Mou face aux problèmes de l’Hexagone, Hollande aura fait preuve d’un activisme forcené face à des affaires qui ne le regardent pas, le conflit de Syrie par exemple, où la France a déjà un bilan accablant : mauvaise évaluation de la solidité de l’État syrien, de la crédibilité de l’opposition offshore, appui inacceptable à la rébellion armée débouchant sur la couverture du terrorisme, obsession de « neutraliser »Bachar Al Assad, volonté manifeste de casser la Syrie rebelle et acharnement dans la destruction de son identité.

Qu’on le veuille ou non, notre pays est partie prenante dans l’entreprise criminelle et prédatrice de ses alliés atlantistes, de ses amis turcs, saoudiens et qataris et des mercenaires qu’ils instrumentalisent. Il est coresponsable du résultat : des millions de réfugiés, déplacés, sinistrés, morts et blessés, des millions de familles dispersées, de vies brisées, le démantèlement du patrimoine, des infrastructures, des entreprises…

Il aura aussi fait preuve d’une approche très floue de la légalité internationale et d’un certain déficit de cartésianisme, les terroristes étant traités en ennemis au Mali et « faisant du bon boulot » en Syrie.

Dans les grands dossiers de ce début de millénaire – la glissade du Moyen-Orient vers le chaos, la déstabilisation de l’ex-glacis soviétique grâce à la sollicitude de l’Occident – la France est affaiblie comme jamais et a perdu sa crédibilité, car elle est en divorce avec les acteurs qui comptent. Son hypocrite diplomatie compassionnelle lui attire le mépris. Les écarts de langage font le reste. Des voix de plus en plus nombreuses s’élèvent pour réclamer le départ de Fabius, condition nécessaire mais non suffisante pour se refaire une virginité.

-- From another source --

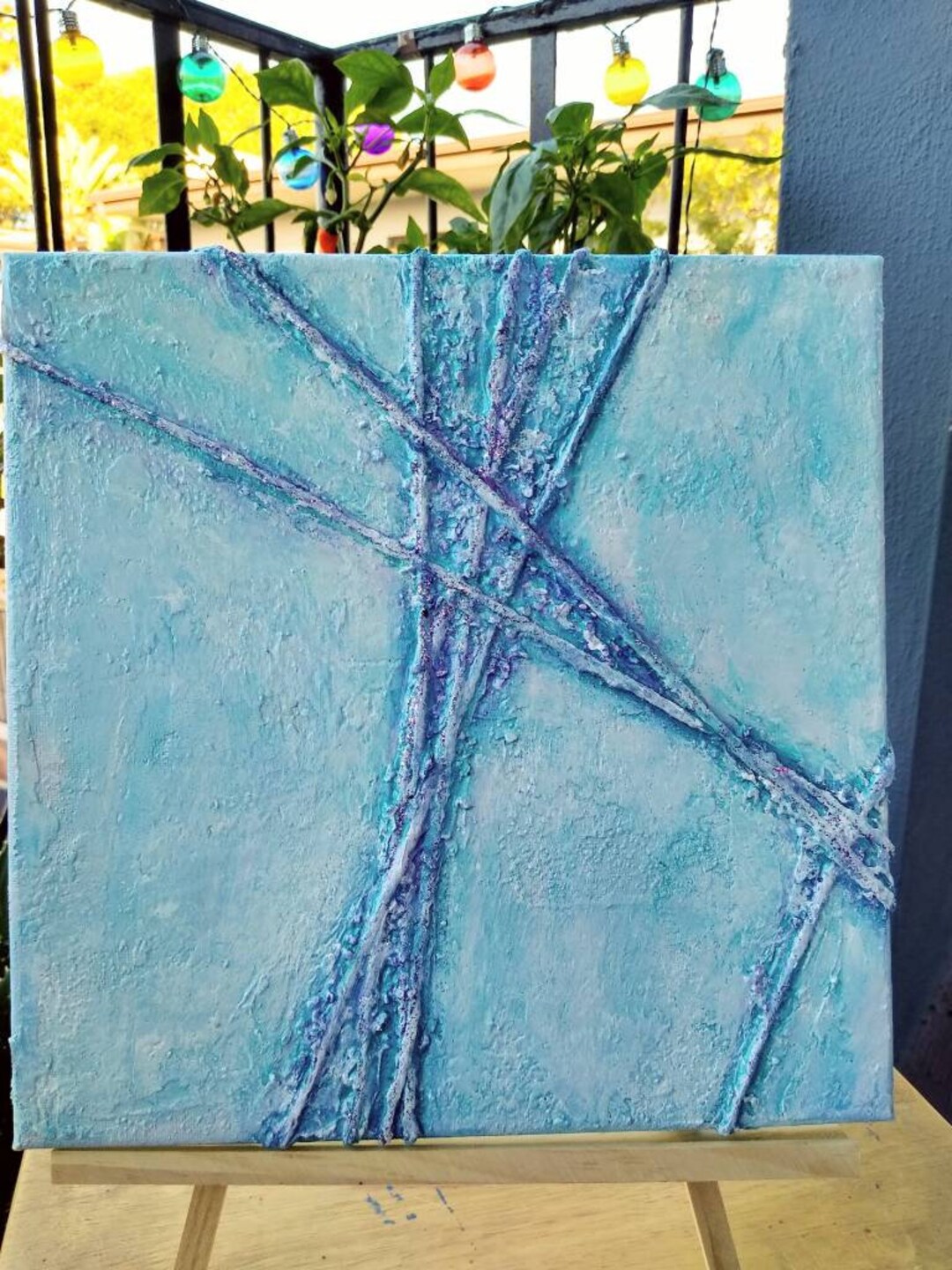 Mixed Media Texture Art 10x10 North of the Etsy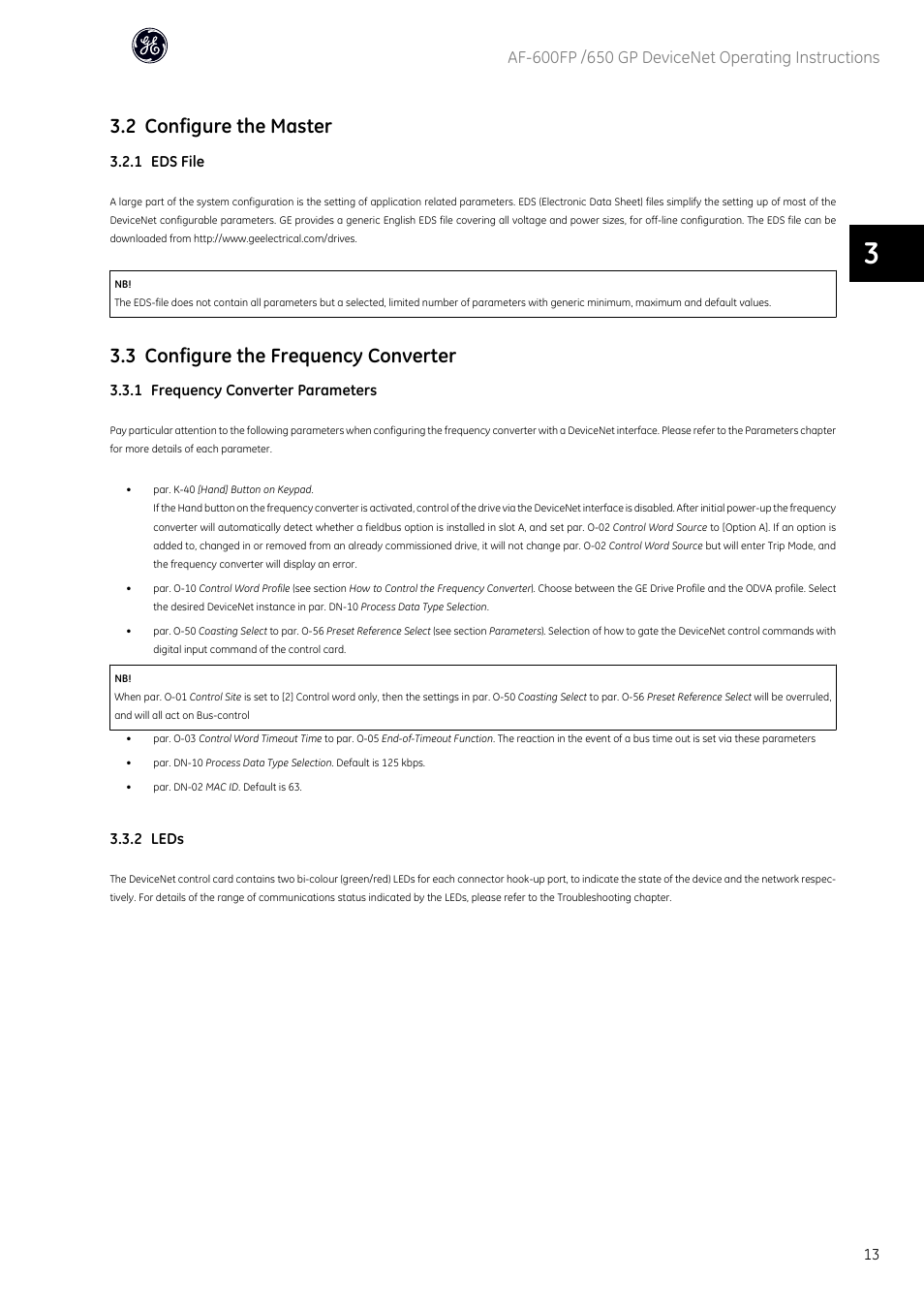 2 configure the master, 3 configure the frequency converter | GE Industrial Solutions AF-650 GP DeviceNet User Manual | Page 14 / 59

Fabius et Hollande étant ce qu’ils sont, on peut craindre que la France tarde à coopérer avec la Russie, l’Iran et la Syrie pour rétablir une paix juste et durable, dans le cadre d’un ordre mondial nouveau. Mais notre pays devra bien sortir de la triple impasse dans laquelle il s’est enfermé : l’entêtement à rester internationalement hors-la-loi devra céder la place à une politique plus décente et moins destructrice. En d’autres termes, il s’agira de reprendre son rôle traditionnel de faiseur de paix et non pas de fauteur de guerre.

Les citoyens des « grandes démocraties » finiront-ils par s’inquiéter de la dérive « voyoucratique » de leurs élites dirigeantes qui fait peu à peu de l’Occident arrogant une minorité honnie et haïe par le reste de la planète ? Comme on dit : ça urge.